PARTIES:  JAMES, Grantley
  v
  INGHAMS ENTERPRISES PTY LTD

(ACN 008 447 345)

TITLE OF COURT:  SUPREME COURT OF TASMANIA
JURISDICTION:  Original
FILE NO/S:  1276/1995
DELIVERED ON:  29 March 2000
DELIVERED AT:  Hobart
HEARING DATES:  22, 24 March 2000
JUDGMENT OF:  The Master

CATCHWORDS:

Procedure - Supreme Court procedure - Tasmania - Practice under the Rules of Court - Amendments - Defence - Whether proposed amendment futile - Whether amendment precluded by Limitation Act 1974.

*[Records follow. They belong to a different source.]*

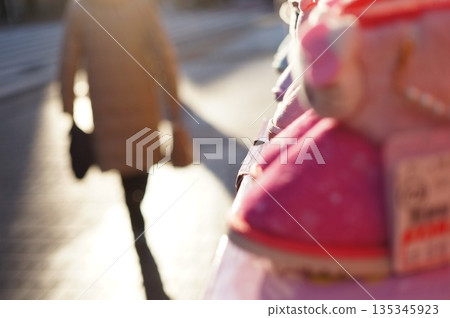Small shoes in a store and a cityscape Small shoes in a store and a cityscape 135345923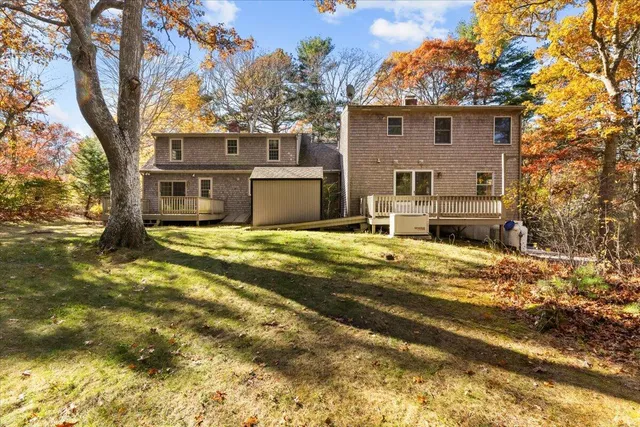 a view of an empty room with glass door and wooden floor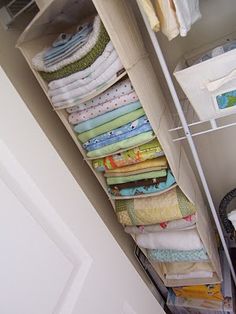 the closet is full of folded towels and other things to use as storage for blankets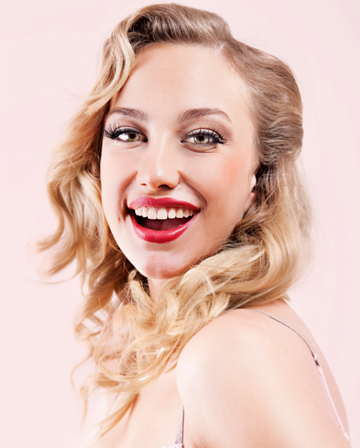 Woman with wavy hair styled with curling iron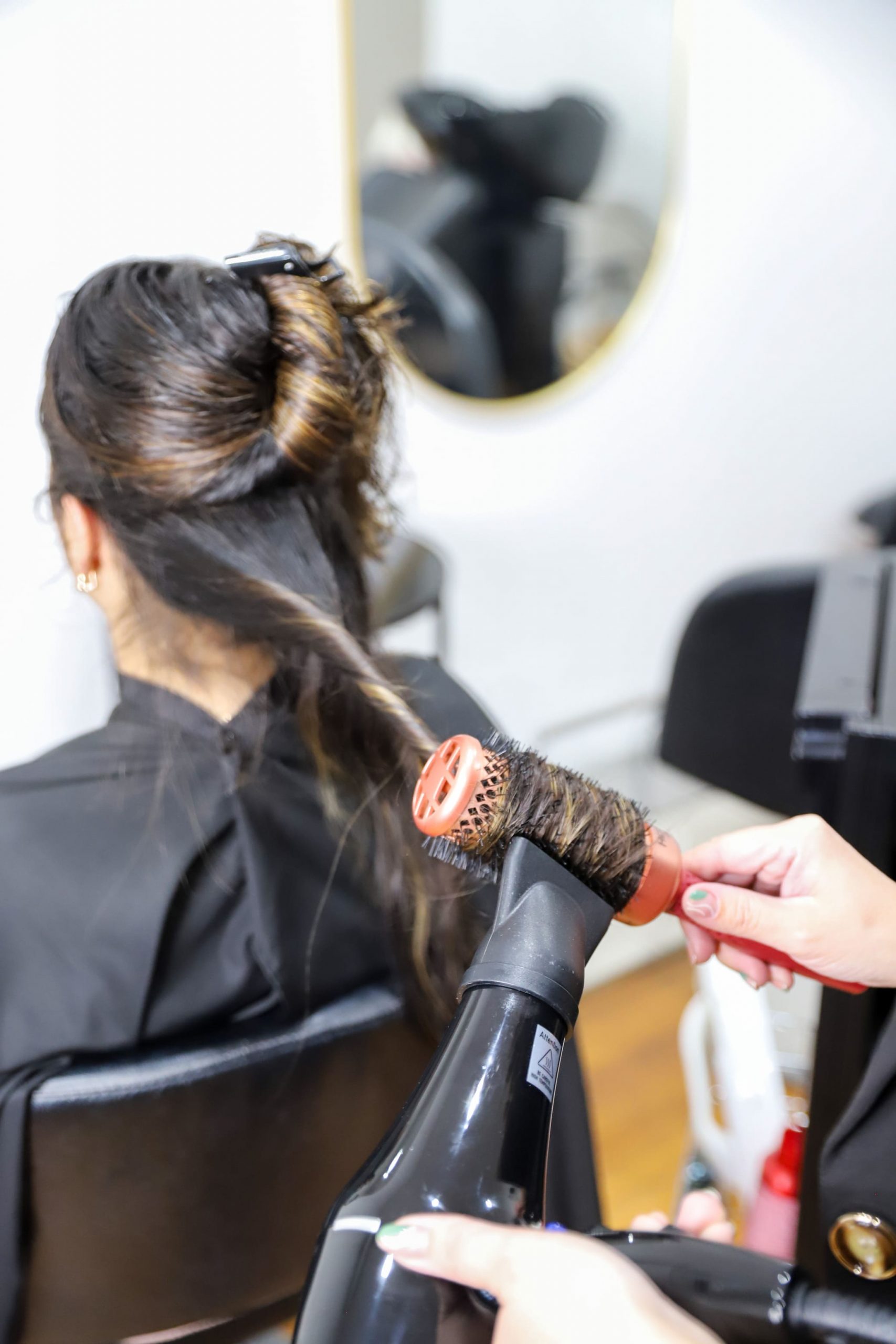Una persona recibiendo un peinado con secador y cepillo redondo en una peluquería.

Rules of the Supreme Court (Tas), O31, r1.
The Commonwealth v Verwayen (1990) 170 CLR 394, followed.
Weldon v Neal (1887) 19 QBD 394, distinguished.
Aust Dig Procedure [67]
Contracts - Implied term.
BP Refinery (Westernport) Pty Ltd v Shire of Hastings (1977) 16 ALR 363; Shirlaw v Southern Foundries (1926) Ltd [1939] 2 KB 206, followed.
Aust Dig Contracts [18]

REPRESENTATION:

Counsel:
           Applicant:  A R McKee
           Respondent:  S Taglieiri
Solicitors:
           Applicant:  Gunson Pickard & Hann
           Respondent:  Phillips Taglieri

Judgment Number:  [2000] TASSC 23
Number of Paragraphs:  19

Serial No 23/2000
File No 1276/1995

GRANTLEY JAMES v
INGHAMS ENTERPRISES PTY LTD (ACN 008 447 345)

REASONS FOR JUDGMENT  THE MASTER

29 March 2000

  1. The defendant has applied pursuant to the Rules of the Supreme Court, O31, r1 for leave to deliver an amended defence, incorporating, for the first time in the action, a counterclaim.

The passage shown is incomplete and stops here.